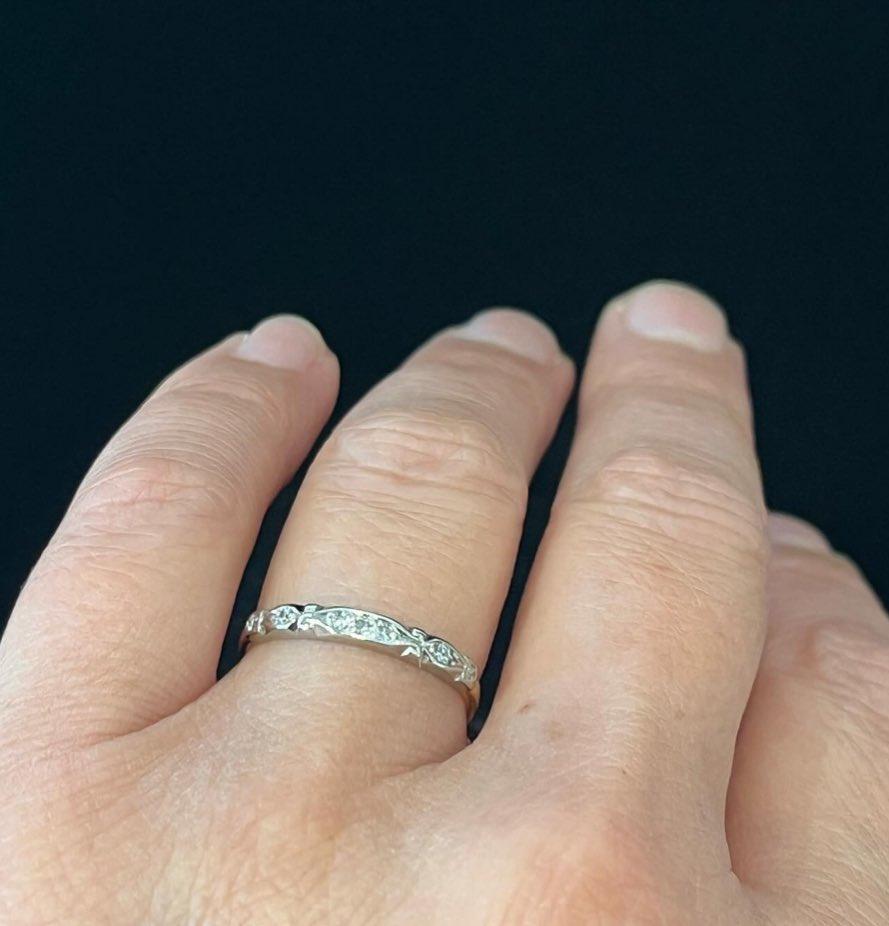 1950s_18ct_Gold_Diamond_Wedding_Band_ring
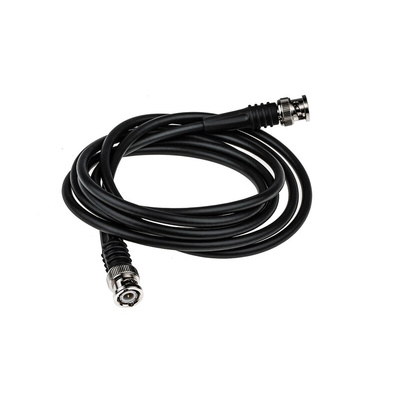 TE Connectivity Male BNC to Male BNC Coaxial Cable, 2m, RG58 Coaxial, Terminated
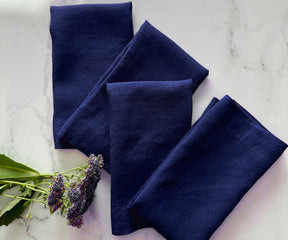 Plain Linen Napkins - Set of 4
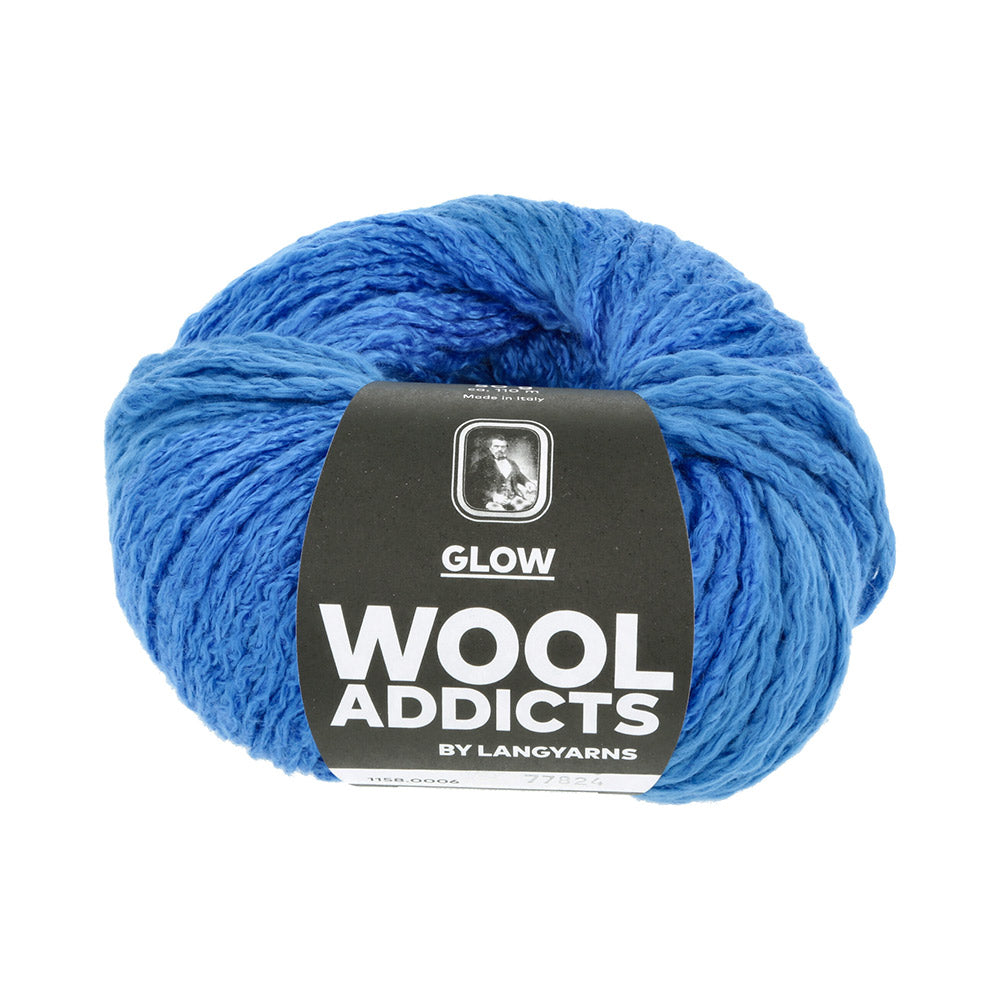 Lang Yarns Glow 0006 Kobalt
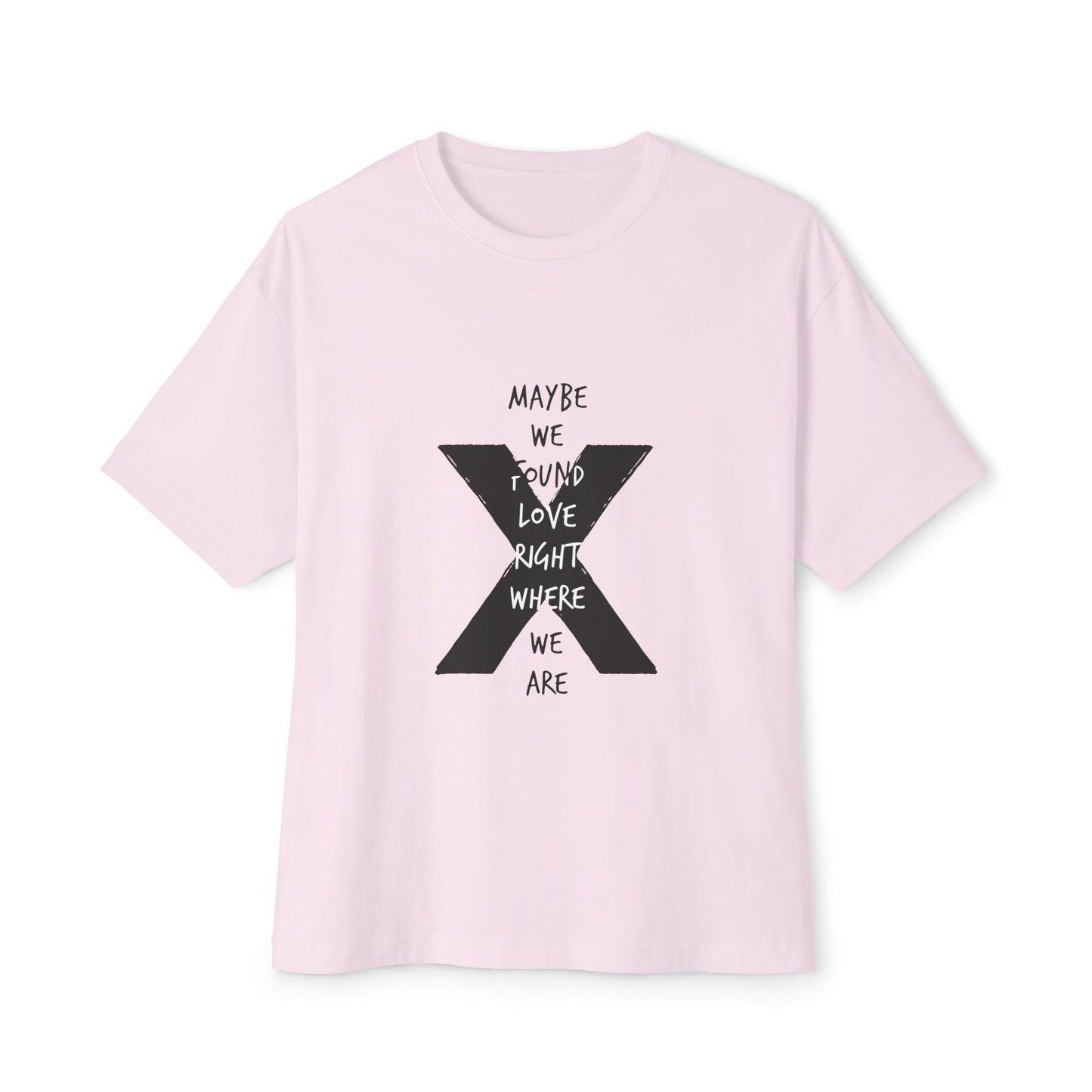 Abstract Paw and Brush Stroke Oversized Boxy Tee Printify
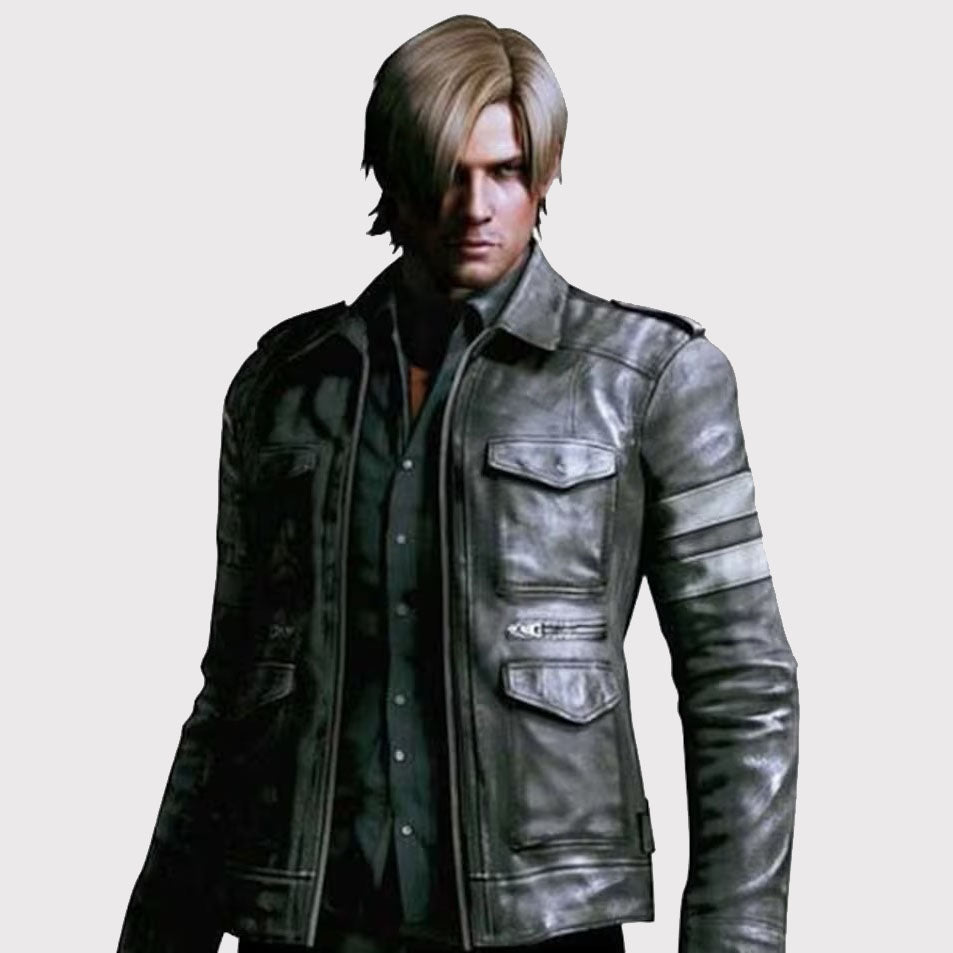 Classic Leon Kennedy RE6 Leather Jacket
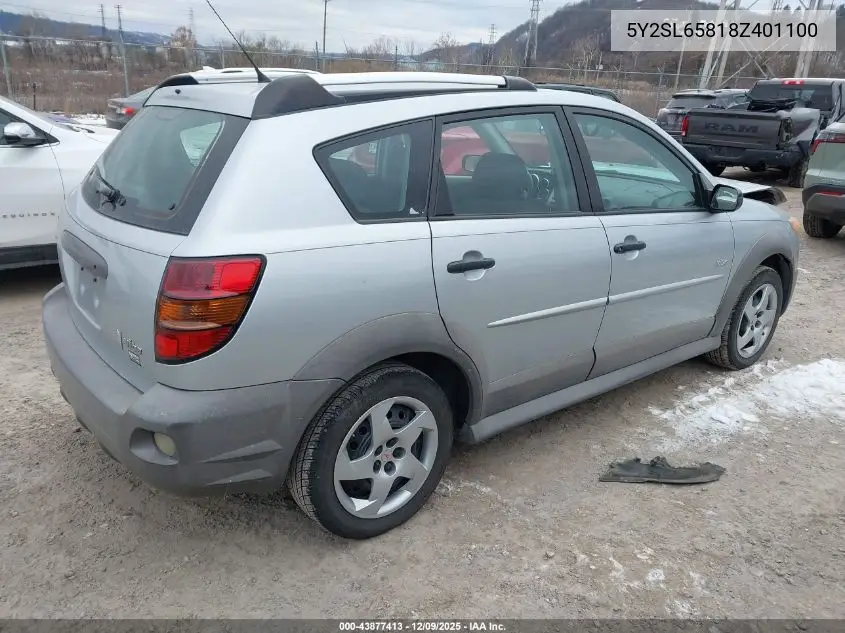 5Y2SL65818Z401100 2008 Pontiac Vibe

◆ **Problem description**:
Retype exactly, please, the span from the line holding "TE Connectivity Male" through the closing line of the data, both ends included, without the pictures.

◆ **Exercise response**:
 TE Connectivity Male BNC to Male BNC Coaxial Cable, 2m, RG58 Coaxial, Terminated
 Plain Linen Napkins - Set of 4
 Lang Yarns Glow 0006 Kobalt
 Abstract Paw and Brush Stroke Oversized Boxy Tee Printify
 Classic Leon Kennedy RE6 Leather Jacket
 5Y2SL65818Z401100 2008 Pontiac Vibe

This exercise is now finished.